Spot bitcoin exchange-traded funds (ETFs) lost approximately $296 million in capital during the week of March 24 to 27.
Analysts believe the large outflow reflects a sharp shift toward risk-off sentiment in global markets. Prolonged geopolitical tensions and macroeconomic factors are driving the move.

The bulk of outflows came from BlackRock’s iShares Bitcoin Trust (IBIT). According to Farside Investors, the largest single-day outflow occurred on March 27, totaling $225.5 million.
The week began with a $167.2 million inflow on Monday, but sentiment reversed quickly.
What’s Happening in the BTC ETF Space?
eToro analyst Josh Gilbert noted that markets are in defensive mode. Oil prices have surpassed $100 per barrel. Against this backdrop, traders are speculating that inflation could pick up. That would likely keep the Federal Reserve from cutting interest rates anytime soon.
Meanwhile, President Donald Trump stated he is considering a potential seizure of Iranian oil and Kharg Island. Such action would only heighten geopolitical risks.
Peter Chang of Presto Labs added that the outflows appear moderate compared to previous periods. Pratik Kala of Apollo Crypto emphasized that $290 million is a normal volume given quarterly portfolio rebalancing and hedge fund activity in basis trading.

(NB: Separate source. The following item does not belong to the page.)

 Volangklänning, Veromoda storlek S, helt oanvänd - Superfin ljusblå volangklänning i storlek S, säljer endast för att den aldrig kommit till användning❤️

Earlier in March, bitcoin ETFs posted strong inflows. According to Bloomberg Intelligence, the funds attracted about $2.5 billion over the past month, offsetting a significant portion of outflows from the start of the year.
How Is BTC Performing?
At the time of publication, BTC▼$63,699.00 trades in a narrow range between $67,500 and $67,600. It showed modest gains over the past 24 hours but fell to a three-week low over the past week.

The S&P 500 posted its fifth consecutive weekly decline, marking its longest losing streak since 2022.
Analysts note that a de-escalation of the Middle East conflict could trigger a relief rally. If tensions persist, markets will likely remain in defensive mode with heightened volatility.